(Records excerpted from a collection)
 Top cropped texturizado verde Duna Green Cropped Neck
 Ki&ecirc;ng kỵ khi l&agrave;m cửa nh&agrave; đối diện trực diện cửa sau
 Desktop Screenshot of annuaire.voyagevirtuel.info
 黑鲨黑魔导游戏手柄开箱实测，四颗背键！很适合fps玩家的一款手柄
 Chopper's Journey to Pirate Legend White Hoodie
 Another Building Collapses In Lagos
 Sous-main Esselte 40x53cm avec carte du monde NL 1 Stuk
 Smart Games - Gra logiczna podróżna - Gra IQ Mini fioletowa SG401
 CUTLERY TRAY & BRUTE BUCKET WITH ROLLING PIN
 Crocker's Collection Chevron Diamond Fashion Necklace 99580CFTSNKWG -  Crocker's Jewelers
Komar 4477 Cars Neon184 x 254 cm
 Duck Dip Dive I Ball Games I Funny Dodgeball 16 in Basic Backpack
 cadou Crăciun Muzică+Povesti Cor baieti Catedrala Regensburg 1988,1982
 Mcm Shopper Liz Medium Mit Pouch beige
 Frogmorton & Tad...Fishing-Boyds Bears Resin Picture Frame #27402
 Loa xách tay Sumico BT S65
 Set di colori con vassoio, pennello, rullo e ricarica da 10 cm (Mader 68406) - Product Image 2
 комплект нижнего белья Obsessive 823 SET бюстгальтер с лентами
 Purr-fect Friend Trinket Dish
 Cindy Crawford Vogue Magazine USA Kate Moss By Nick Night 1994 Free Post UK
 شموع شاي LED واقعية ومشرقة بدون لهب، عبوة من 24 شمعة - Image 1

_Required work_.
Copy out the entries above exactly as given, starting at the top and ending with the line containing "Purr-fect Friend Trinket Dish"; include both and nothing more.

_Result below_.
 Top cropped texturizado verde Duna Green Cropped Neck
 Ki&ecirc;ng kỵ khi l&agrave;m cửa nh&agrave; đối diện trực diện cửa sau
 Desktop Screenshot of annuaire.voyagevirtuel.info
 黑鲨黑魔导游戏手柄开箱实测，四颗背键！很适合fps玩家的一款手柄
 Chopper's Journey to Pirate Legend White Hoodie
 Another Building Collapses In Lagos
 Sous-main Esselte 40x53cm avec carte du monde NL 1 Stuk
 Smart Games - Gra logiczna podróżna - Gra IQ Mini fioletowa SG401
 CUTLERY TRAY & BRUTE BUCKET WITH ROLLING PIN
 Crocker's Collection Chevron Diamond Fashion Necklace 99580CFTSNKWG -  Crocker's Jewelers
Komar 4477 Cars Neon184 x 254 cm
 Duck Dip Dive I Ball Games I Funny Dodgeball 16 in Basic Backpack
 cadou Crăciun Muzică+Povesti Cor baieti Catedrala Regensburg 1988,1982
 Mcm Shopper Liz Medium Mit Pouch beige
 Frogmorton & Tad...Fishing-Boyds Bears Resin Picture Frame #27402
 Loa xách tay Sumico BT S65
 Set di colori con vassoio, pennello, rullo e ricarica da 10 cm (Mader 68406) - Product Image 2
 комплект нижнего белья Obsessive 823 SET бюстгальтер с лентами
 Purr-fect Friend Trinket Dish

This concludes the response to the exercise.